- TASK
Nothing but the lines below from the one containing "Angel Lil model erotic picture" through the one containing "311 12088 75A AVENUE - photo 1 of 24" should appear in the answer, exact and without pictures.

- DATASET RECORDS
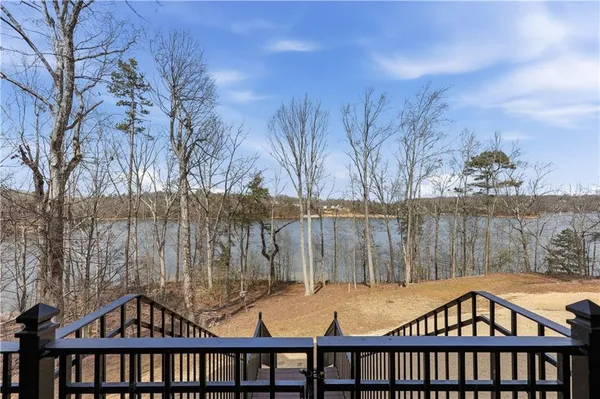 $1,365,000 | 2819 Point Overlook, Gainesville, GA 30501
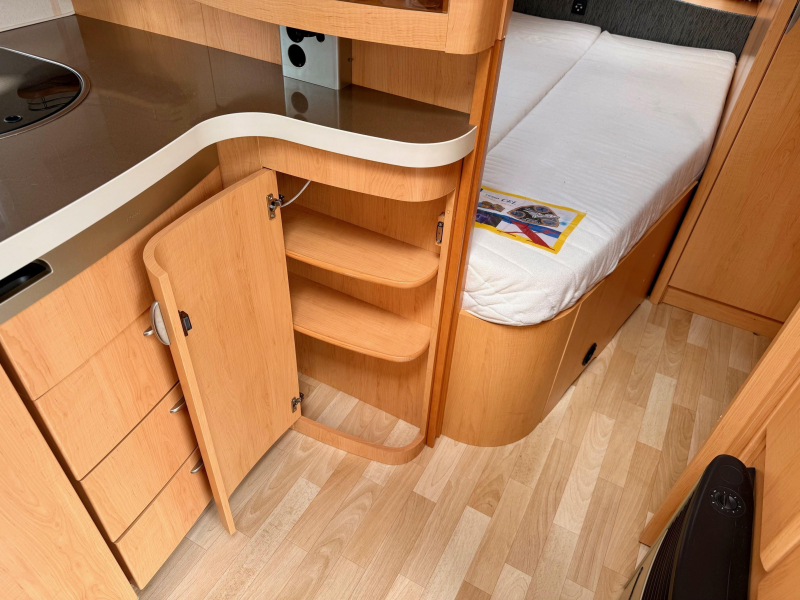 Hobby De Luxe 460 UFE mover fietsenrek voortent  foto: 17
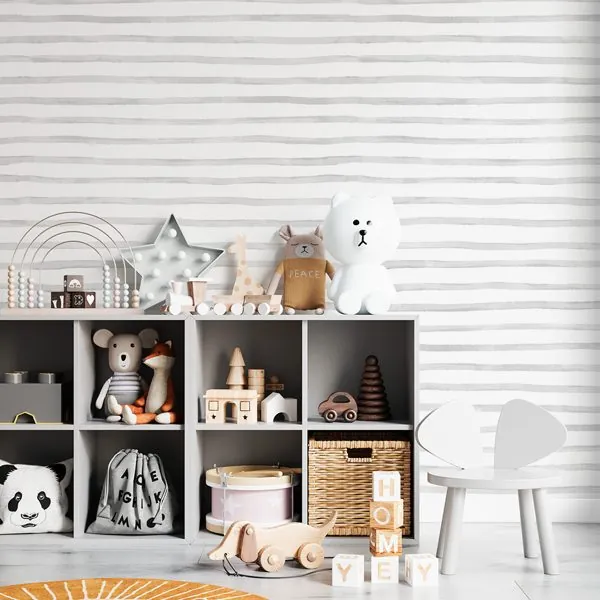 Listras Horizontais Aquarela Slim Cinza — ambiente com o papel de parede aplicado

---

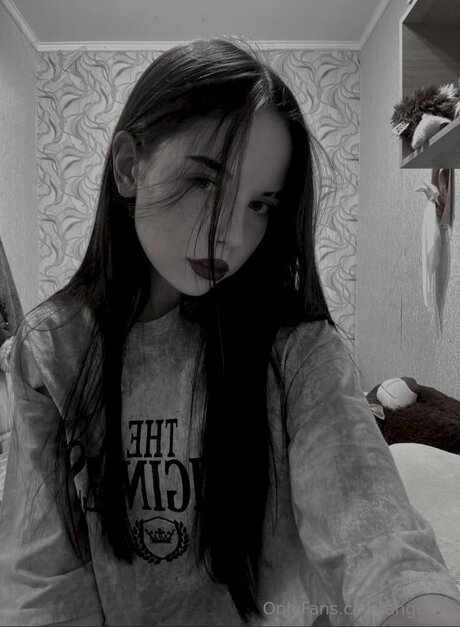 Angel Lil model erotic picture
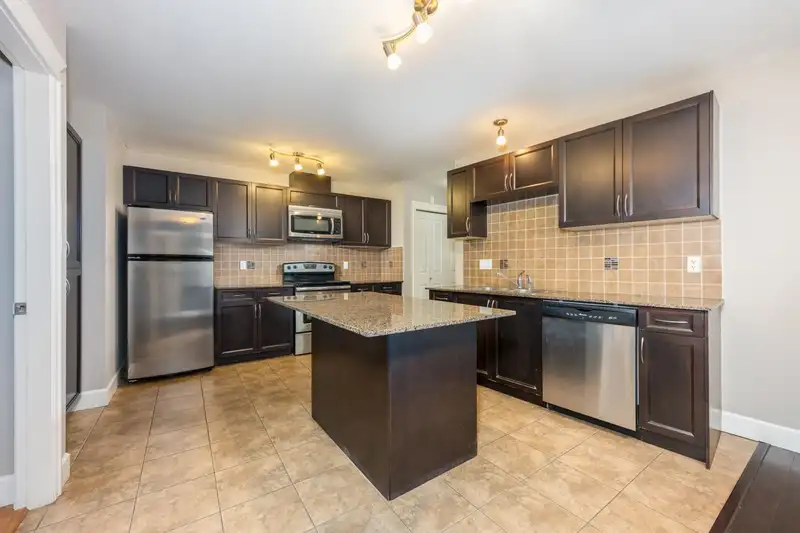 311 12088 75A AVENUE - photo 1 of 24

- EXERCISE RESULT
 Angel Lil model erotic picture
 311 12088 75A AVENUE - photo 1 of 24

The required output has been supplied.